It my early days, after I crossed the great mountain range and caught my first glimpse of the Traveler, the Wall amounted to very little. Its most enduring feature was the streams and tributaries that marked the very beginnings of the heart of the City. In many places that’s all the wall was. Natural obstructions in the land that slowed the crossing of ground bound Fallen. In a few other places, there were actual walls. Entrenched choke points made primarily of wooden posts and stakes. In the best of places there was barbed wire or metal sheeting or electrified fencing energized by solar powered fusion batteries. Watching a Fallen Captain’s shields spark and pop as he tried to scale my section of the wall is one of my earliest memories of defending the City.
Slowly, brick by brick, casting by casting, our City’s great walls inched forth. What had been the smallest remnants of our last civilization gradually transformed into a wonder of our present and future. From the Battle of Six Fronts to the Battle of Twilight Gap, our walls were tested and at times were even strained, but they held. When the Hive and the Vex and the Cabal’s expeditionary forces came to our system, they challenged us on many fronts and took from us entire planets and moons worth of territory, but never once did they challenge our wall. INdeed, for more than five hundred years we were the last unconquerable City, in large part thanks to our walls. In our Age of Triumph we felt secure. And that was almost our end.

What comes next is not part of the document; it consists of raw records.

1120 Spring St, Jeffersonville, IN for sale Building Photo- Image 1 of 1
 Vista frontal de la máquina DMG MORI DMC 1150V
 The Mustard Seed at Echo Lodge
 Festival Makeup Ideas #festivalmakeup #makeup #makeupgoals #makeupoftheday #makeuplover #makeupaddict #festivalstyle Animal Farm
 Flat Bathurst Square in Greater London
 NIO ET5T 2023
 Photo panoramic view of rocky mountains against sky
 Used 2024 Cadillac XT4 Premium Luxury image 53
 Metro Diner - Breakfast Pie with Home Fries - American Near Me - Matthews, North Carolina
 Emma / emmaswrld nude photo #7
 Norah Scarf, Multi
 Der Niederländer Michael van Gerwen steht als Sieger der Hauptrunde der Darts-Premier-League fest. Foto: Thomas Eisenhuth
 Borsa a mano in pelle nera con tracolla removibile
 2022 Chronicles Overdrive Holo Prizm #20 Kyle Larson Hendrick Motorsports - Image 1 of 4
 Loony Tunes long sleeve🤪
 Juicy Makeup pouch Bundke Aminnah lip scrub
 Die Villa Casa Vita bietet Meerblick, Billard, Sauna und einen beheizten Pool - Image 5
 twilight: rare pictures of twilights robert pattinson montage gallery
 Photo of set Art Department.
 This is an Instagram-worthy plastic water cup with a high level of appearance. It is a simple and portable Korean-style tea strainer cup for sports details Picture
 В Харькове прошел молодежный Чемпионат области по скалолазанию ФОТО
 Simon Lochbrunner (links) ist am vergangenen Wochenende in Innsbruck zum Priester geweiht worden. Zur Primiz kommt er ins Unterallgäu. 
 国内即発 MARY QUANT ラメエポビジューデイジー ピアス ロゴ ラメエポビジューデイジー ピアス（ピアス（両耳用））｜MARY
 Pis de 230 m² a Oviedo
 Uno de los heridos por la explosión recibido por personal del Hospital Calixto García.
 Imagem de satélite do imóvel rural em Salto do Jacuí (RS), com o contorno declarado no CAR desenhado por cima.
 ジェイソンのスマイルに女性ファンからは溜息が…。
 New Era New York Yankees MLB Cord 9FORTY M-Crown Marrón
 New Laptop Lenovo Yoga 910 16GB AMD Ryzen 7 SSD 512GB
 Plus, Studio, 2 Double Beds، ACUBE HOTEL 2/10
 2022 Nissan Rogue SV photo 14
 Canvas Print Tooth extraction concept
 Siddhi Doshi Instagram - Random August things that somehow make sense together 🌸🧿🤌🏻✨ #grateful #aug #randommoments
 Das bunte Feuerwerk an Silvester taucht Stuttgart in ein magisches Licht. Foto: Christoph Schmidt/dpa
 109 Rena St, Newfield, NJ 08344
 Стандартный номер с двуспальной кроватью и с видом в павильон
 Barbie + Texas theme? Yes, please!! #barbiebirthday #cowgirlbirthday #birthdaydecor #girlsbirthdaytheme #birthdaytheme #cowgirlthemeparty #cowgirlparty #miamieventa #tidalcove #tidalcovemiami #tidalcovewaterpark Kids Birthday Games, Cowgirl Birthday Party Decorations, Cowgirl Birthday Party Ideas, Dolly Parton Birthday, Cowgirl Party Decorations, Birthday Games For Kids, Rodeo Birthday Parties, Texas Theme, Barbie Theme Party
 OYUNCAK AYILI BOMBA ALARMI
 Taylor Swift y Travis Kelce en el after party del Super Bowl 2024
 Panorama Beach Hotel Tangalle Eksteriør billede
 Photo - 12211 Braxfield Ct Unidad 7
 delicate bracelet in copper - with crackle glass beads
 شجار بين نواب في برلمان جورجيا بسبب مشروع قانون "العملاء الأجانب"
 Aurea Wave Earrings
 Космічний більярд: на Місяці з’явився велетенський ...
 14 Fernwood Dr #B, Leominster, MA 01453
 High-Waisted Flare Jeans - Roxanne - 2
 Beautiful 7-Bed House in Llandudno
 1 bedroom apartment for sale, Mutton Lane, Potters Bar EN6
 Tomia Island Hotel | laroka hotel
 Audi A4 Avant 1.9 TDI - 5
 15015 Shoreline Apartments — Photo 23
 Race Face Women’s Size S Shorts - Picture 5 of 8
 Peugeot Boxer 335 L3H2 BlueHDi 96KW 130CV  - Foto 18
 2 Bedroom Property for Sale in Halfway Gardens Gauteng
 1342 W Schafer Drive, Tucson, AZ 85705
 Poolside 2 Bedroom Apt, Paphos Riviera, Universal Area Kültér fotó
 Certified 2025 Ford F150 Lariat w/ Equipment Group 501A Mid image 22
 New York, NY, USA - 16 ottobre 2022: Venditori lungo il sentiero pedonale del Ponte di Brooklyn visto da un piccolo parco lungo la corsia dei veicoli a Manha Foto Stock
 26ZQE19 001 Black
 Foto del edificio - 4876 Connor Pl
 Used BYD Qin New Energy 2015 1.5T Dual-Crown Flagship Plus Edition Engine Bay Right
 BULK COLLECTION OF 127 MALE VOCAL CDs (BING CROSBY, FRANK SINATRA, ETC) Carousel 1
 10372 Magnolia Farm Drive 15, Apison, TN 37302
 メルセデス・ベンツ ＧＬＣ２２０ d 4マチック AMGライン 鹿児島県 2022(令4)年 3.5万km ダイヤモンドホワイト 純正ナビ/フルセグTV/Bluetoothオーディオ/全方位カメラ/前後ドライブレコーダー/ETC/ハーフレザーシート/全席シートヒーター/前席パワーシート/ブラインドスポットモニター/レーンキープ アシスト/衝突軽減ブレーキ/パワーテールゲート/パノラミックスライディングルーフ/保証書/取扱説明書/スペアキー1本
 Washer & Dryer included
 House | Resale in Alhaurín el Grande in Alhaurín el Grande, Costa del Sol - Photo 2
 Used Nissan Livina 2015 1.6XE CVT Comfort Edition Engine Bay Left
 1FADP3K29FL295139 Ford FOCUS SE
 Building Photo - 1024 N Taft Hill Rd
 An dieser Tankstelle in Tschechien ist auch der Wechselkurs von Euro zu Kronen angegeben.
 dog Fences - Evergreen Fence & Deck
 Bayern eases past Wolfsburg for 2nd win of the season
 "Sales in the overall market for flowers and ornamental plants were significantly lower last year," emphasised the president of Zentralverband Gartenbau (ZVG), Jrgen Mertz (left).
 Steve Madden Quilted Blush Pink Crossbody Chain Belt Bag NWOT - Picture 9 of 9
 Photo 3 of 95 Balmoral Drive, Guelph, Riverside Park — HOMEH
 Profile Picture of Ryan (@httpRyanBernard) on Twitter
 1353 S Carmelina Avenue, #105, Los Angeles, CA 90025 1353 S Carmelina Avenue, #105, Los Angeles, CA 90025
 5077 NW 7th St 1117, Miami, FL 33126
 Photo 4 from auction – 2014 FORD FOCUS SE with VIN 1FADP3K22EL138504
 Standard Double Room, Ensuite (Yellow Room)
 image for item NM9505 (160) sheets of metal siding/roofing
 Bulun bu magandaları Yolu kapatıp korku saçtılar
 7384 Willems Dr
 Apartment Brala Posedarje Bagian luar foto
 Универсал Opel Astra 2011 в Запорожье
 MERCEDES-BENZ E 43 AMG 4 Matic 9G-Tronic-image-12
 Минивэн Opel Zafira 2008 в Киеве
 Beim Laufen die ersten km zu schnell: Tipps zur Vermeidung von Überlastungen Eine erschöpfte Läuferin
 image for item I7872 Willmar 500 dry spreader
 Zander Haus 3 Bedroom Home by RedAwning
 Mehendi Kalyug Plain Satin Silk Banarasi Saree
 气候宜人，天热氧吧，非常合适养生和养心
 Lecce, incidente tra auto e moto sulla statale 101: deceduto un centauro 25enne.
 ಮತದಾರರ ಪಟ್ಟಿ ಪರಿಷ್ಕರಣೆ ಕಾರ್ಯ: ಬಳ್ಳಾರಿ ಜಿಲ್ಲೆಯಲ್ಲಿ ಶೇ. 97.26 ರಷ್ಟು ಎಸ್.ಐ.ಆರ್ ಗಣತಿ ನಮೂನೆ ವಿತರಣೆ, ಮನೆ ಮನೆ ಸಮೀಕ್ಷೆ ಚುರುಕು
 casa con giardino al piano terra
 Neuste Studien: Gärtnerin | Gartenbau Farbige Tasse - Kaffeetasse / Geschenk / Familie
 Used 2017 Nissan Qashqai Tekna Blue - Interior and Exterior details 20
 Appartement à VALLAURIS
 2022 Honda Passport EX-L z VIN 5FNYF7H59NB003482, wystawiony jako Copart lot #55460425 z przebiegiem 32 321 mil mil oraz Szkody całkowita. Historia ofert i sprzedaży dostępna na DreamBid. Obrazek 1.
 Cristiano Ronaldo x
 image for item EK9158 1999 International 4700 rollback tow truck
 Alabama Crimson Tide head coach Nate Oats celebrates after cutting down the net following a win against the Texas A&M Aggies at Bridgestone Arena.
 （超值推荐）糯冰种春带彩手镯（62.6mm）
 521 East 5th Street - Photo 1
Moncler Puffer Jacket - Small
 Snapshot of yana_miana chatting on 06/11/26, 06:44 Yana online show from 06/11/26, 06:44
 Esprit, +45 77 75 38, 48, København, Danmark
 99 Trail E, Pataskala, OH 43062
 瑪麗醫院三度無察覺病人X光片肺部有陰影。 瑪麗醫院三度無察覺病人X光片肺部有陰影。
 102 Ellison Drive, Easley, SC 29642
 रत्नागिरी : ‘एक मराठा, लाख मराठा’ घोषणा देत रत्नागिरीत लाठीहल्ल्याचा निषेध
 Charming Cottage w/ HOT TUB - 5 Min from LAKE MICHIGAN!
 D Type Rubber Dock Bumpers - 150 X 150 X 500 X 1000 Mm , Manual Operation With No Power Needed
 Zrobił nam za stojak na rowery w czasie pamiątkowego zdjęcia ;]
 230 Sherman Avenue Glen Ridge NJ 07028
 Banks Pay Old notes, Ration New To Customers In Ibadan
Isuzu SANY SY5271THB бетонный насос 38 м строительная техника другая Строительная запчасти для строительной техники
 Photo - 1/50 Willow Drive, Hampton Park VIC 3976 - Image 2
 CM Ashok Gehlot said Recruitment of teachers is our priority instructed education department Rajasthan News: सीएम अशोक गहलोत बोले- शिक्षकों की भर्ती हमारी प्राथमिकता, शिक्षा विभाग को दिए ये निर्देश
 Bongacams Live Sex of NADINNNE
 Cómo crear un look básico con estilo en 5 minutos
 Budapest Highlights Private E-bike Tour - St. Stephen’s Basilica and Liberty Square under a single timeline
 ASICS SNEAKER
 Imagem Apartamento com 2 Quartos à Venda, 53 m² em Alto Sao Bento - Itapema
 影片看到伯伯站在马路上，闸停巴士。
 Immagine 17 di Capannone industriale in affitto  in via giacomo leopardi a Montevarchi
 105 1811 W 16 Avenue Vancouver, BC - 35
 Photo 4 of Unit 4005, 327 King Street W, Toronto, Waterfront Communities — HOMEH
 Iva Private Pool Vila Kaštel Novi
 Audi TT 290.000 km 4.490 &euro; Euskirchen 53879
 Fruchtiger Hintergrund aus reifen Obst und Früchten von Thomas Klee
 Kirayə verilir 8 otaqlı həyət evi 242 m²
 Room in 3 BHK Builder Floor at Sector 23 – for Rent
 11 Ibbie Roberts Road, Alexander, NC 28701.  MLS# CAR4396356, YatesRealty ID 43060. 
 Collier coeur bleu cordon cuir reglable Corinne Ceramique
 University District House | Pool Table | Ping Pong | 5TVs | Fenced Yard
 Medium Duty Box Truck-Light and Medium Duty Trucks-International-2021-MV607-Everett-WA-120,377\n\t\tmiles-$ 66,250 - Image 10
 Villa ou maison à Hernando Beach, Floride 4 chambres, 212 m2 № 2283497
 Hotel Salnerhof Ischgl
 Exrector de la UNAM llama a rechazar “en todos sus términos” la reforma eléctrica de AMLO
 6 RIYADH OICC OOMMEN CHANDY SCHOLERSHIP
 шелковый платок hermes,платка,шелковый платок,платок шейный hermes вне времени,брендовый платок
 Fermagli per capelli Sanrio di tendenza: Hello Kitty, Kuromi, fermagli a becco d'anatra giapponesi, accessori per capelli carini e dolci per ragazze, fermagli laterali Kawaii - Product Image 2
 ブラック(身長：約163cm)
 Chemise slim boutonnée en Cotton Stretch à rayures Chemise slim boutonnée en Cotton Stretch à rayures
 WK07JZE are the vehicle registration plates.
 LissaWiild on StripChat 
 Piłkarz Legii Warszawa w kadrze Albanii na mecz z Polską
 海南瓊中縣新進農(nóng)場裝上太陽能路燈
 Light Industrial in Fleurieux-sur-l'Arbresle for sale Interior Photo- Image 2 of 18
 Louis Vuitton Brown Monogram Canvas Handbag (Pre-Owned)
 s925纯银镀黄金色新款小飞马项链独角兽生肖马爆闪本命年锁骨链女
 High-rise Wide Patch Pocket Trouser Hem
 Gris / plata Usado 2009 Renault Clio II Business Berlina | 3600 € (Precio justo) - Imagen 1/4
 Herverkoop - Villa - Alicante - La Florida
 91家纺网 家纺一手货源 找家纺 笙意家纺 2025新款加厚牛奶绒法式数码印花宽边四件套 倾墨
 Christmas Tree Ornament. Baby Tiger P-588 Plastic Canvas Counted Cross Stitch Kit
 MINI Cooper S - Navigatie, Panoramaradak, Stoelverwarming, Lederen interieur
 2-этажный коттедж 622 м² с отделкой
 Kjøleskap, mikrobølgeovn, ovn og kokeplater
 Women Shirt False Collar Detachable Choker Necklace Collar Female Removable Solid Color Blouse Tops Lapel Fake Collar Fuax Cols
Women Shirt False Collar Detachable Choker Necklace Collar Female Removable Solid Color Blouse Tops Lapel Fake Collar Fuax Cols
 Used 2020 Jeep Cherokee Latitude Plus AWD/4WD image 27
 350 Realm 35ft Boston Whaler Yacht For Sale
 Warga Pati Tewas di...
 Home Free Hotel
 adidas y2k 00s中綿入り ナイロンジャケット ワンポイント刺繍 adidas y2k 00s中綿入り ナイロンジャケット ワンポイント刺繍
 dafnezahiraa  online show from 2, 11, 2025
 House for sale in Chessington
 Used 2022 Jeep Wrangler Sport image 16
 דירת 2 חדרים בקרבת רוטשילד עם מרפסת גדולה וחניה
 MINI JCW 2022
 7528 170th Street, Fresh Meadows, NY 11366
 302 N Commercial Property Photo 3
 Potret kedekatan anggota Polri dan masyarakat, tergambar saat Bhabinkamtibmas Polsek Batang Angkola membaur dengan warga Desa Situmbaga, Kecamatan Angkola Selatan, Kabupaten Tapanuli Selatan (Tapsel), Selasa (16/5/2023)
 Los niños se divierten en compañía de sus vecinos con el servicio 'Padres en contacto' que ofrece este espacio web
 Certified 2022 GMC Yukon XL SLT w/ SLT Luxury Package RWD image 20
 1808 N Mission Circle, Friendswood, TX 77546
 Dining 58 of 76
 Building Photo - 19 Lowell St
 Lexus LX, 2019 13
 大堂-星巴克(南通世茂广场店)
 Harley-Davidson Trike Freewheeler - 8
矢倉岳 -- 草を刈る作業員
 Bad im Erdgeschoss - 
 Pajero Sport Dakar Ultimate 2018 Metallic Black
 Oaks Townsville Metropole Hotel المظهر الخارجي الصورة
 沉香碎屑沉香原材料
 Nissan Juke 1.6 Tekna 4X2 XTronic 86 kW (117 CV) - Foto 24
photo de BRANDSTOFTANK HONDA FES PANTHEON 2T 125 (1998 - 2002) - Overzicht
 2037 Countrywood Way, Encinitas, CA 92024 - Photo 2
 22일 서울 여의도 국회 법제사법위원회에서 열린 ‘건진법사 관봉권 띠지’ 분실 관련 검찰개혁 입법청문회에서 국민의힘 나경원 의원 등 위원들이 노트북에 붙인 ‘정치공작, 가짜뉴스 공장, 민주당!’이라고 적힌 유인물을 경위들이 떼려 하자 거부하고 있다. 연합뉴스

When the Red Legion came, our walls were turned from one of our most important assets into one of our gravest mistakes. Vanguard doctrine, my doctrine, called for civilians to take shelter within the spaces and bunkers we designed into our walls while our unkillable Guardians dealt threats in the sky. The Fallen had long learned the hard way what a group of determined Guardians would do to any who threatened our City. But Ghaul and the Red Legion had bigger, better plans. When they came and suppressed the Traveler’s Light, suddenly there were no Guardians to clear the skies. All we had were civilians all in highly visible, easily discovered spaces. Many of those spaces no longer exist, or if they do, they are still smoldering from aerial bombardment.
What we learned, what I learned, is that the walls and Guardians of our City are INdeed formidable, but they cannot be our only defense and they should not be a thing that only serves to limits the freedoms of the people we claim we want to see thrive and prosper. Perhaps we will always need walls of a fortress to shield us in our darkest times, but now I see that our people also need to be free to spread far and to achieve their Destiny.